L’attenzione verso certi temi non è però una novità.
Certo che no: negli Stati Uniti un fortissimo movimento ecologista aveva stimolato la produzione di automobili elettriche, ma poi negli anni 80 l’arrivo di Ronald Reagan segnò un grande passo indietro. Fu letteralmente proibito di parlare di crisi climatica e si lanciò la moda dei Suv, queste auto gigantesche che consumano tantissimo. Io stesso nel 1987 acquistai una piccola auto elettrica. Si parlava tanto di queste cose, ma poi è come se la maggioranza delle persone avesse detto: “Ma no, dai, che ce ne frega, consumiamo e facciamo finta di niente!”.
E allora nel suo spettacolo che cosa c’è?
Affronto l’argomento partendo da ricordi della mia infanzia, come le pozzanghere su cui giocavamo da bambini, e dalla mia esperienza passo al rapporto che l’umanità ha con l’acqua, spiegando che cos’è, da dove viene, quanta ce n’è nel nostro pianeta. Per esempio, se la mia testa fosse la Terra e noi raccogliessimo tutta l’acqua che c’è nel mondo in un catino, questo catino sarebbe grande come il mio occhio. E siccome di questa acqua solamente il 3% è potabile, parliamo di un piccolo neo sulla mia guancia, per cui in fin dei conti di acqua non ce n’è così tanta. E se la perdi, non la puoi rifare. Un altro fatto su cui spingo gli spettatori a riflettere: ci piace andare in giro indossando bellissime magliette di cotone, magari con su scritto ‘Salviamo il pianeta’, ma non sappiamo che per produrne una serve l’acqua di venticinque vasche da bagno... E siccome in Pakistan hanno deciso di piegarsi alle leggi del mercato, e dunque di vendere tutto il cotone che riescono a vendere, per produrre tutte queste magliette e blue jeans si consumano i tre quarti dell’acqua del fiume Indo, che non arriva più nemmeno a sfociare nell’oceano.
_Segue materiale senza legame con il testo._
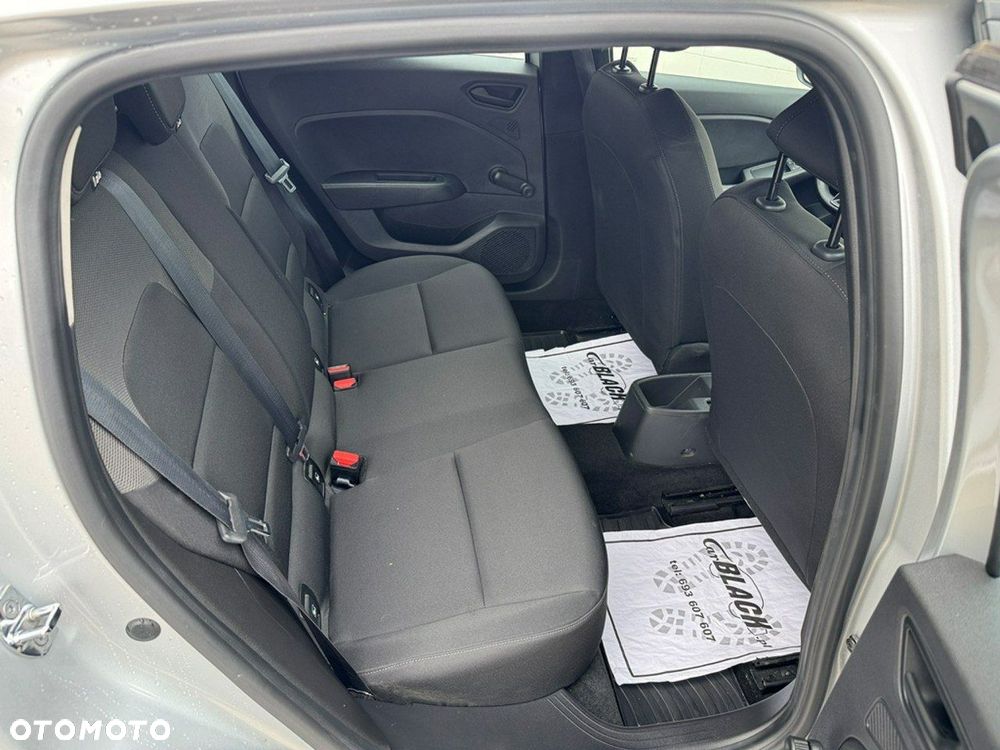 Renault Clio - 10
Dov’è finita l’acqua dell’Indo? Nel nostro armadio, ma noi non ce ne rendiamo conto.
Lei viene da una terra, il Friuli, che a questo genere di distrazioni ha pagato un tributo pesantissimo.
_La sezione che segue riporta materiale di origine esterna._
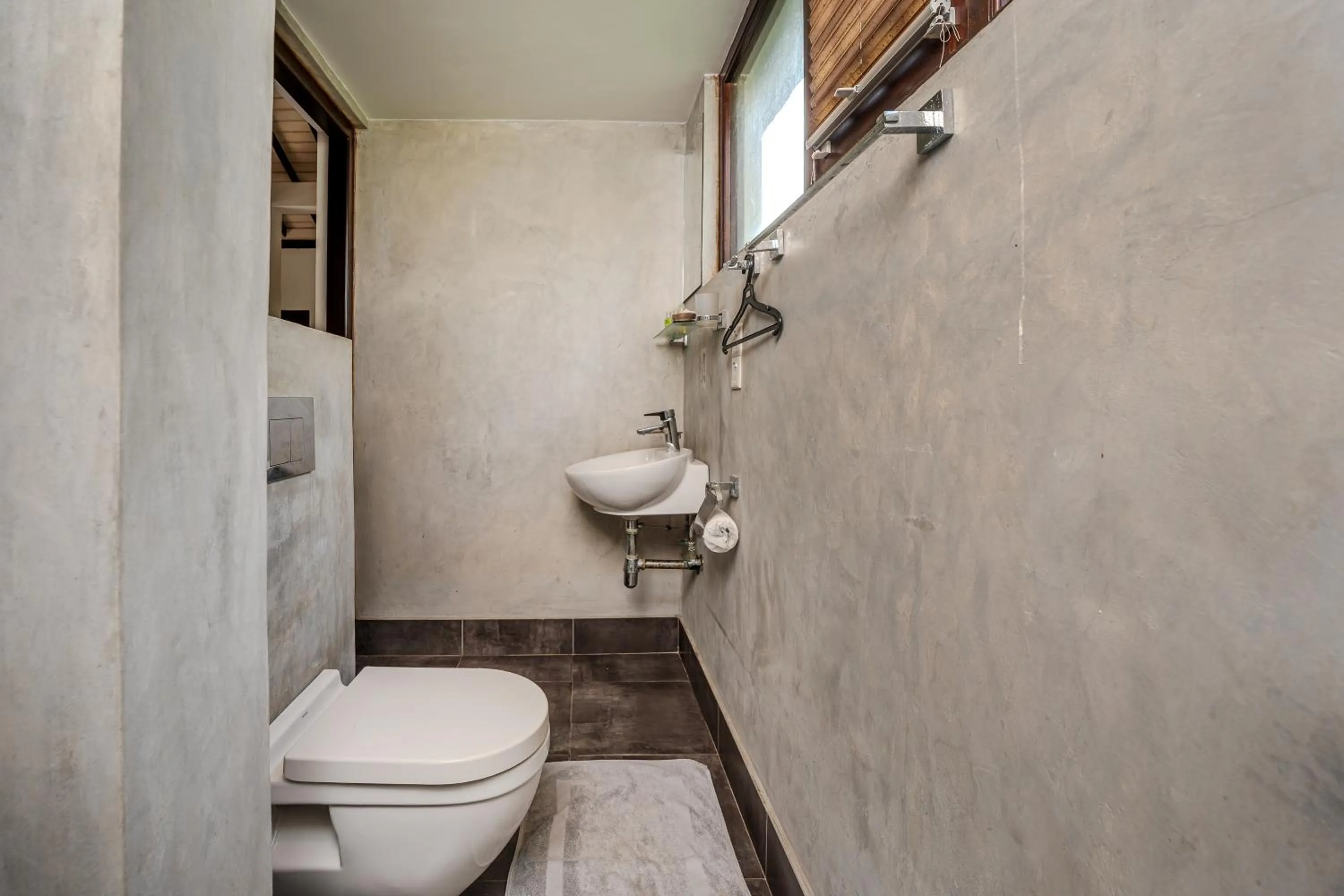 Shower in Wasantha Garden Hotel Restaurant & Ayurvedic Treatment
E infatti nello spettacolo parlo della diga del Vajont e del disastro che seguì al suo crollo, per ricordare che finché comandano gli ingegneri idraulici va tutto bene, ma quando comandano gli ingegneri di quell’altro liquido, che si chiama denaro, ecco che diventa tutta un’altra faccenda, in cui entrano in gioco le dinamiche e le storture della nostra economia capitalista. Ma, pur citando fatti di cronaca abbastanza conosciuti, la mia linea narrativa rimane personale. Le faccio un esempio di cosa racconto sul palco. Quando ero ragazzo, era bello correre in spiaggia su una Vespa con i fari spenti, e poi dal buio assoluto sbucare all’improvviso sulla strada illuminata dove mi aspettava una ragazza. Facevo davvero un figurone. Ma avevo anche scoperto che nessuno toglieva la rete della pallavolo, e finendovi addosso capii come si sentiva una sardina catturata nella rete dei pescatori, o come si sente un sasso lanciato dalla fionda. Se poi qualcuno dei suoi lettori fosse in pensiero per la Vespa, posso aggiungere che la moto andava avanti ancora per un po’, prima di adagiarsi mollemente sulla sabbia. Quello che ho imparato da questa storia è, innanzitutto, che ci vuole fortuna per non lasciarci le penne al primo errore, e poi che da questo errore bisogna imparare. L’umanità invece commette da sempre gli stessi sbagli e questo non mi sembra intelligente. Insomma, racconto aneddoti autobiografici leggeri e divertenti, ma li metto accanto alle gravissime stupidaggini che fanno parte del modo in cui concepiamo il nostro stare su questa Terra. Una Terra che ci ostiniamo a considerare una fonte inesauribile di risorse, ma dobbiamo sapere che non è vero per niente.